The friendship dimension of monastic revival is specific and worth isolating. The monastic tradition had always been, among other things, a tradition of thinking seriously about how human bonds work within community — about the difference between particular friendship (the exclusive dyad) and the ordered love that community requires, about the practices that sustain genuine knowing between people over decades, about the relationship between solitude and the capacity for genuine presence to others. When the revival brought these ideas into contact with a secular culture experiencing acute friendship deficits, the fit was not coincidental. The monastic analysis of friendship's structural requirements — time, shared purpose, accountability, the development of interiority that makes genuine other-directedness possible — addressed precisely the conditions that secular modernity had dismantled.

What the revival disclosed about friendship is most visible in the oblate and retreat contexts, where people who were not seeking religious experience per se were seeking something the monastery provided that their ordinary social lives did not. The retreatant who spent a week in silence at a Benedictine monastery and came away describing the quality of human attention available there — the monks who knew their guests as persons rather than customers, the shared liturgy that created social attunement without requiring social performance, the space for genuine interior quiet that made genuine human meeting more possible — was describing a friendship environment, even if the language used was spiritual. The monastery had preserved conditions for the kind of attention that friendship requires, conditions that the surrounding culture had allowed to erode.

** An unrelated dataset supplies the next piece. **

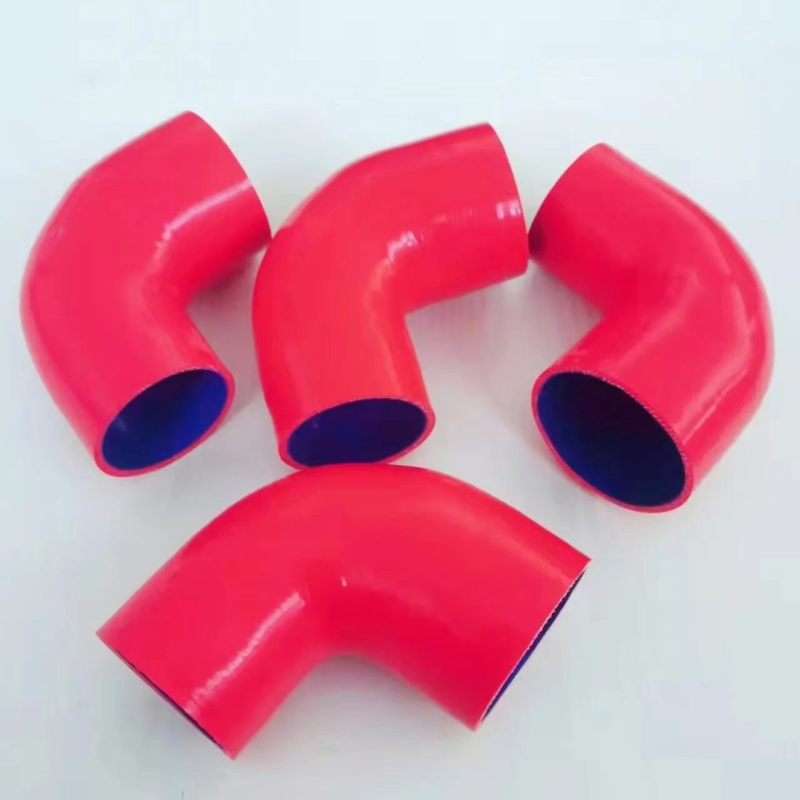 Csökkentő egyenes cső turbólevegő-bemenethez, gumianyagból, testreszabható, kompatibilis több autómodelllel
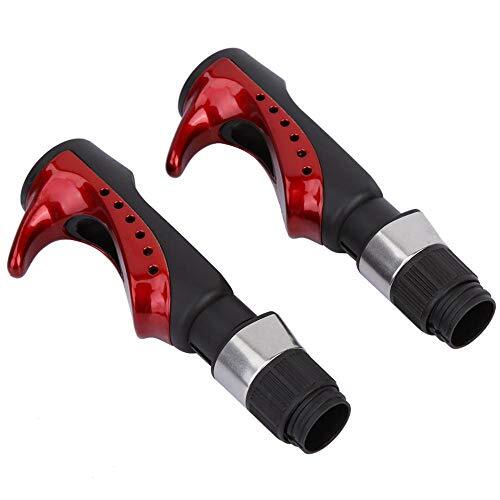 2PCS リールシート 滑り止め 耐食性 インパクト 釣り竿を固定し 使用易い 交換用拍卖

The revival's friendship implications are not without their own limits. Monastic communities are, by definition, communities organized around religious commitment, which means their friendship environment is inseparable from a specific theological and liturgical structure. The person who wants the friendship environment without the religion has to extract the relevant practices from their institutional matrix, and extraction is lossy. The new monastic movement has attempted this extraction with varying degrees of success, maintaining some of the structural features of monastic community (shared life, common rule, accountability practices) while loosening the theological requirements. The results are instructive about both what the structure can produce when maintained and what is lost when parts of it are removed.

The dignity logic here is about recognition: what the monastic revival offered was a set of social arrangements in which persons were recognized as having an interior life that mattered, that required cultivation, and that was taken seriously by the community. This is dignity at the level of social structure — not the dignity of legal rights but the dignity of being treated as a person whose interior life is real and whose development as a person is a collective concern. In a consumer culture organized around preference satisfaction, this form of dignity is in short supply.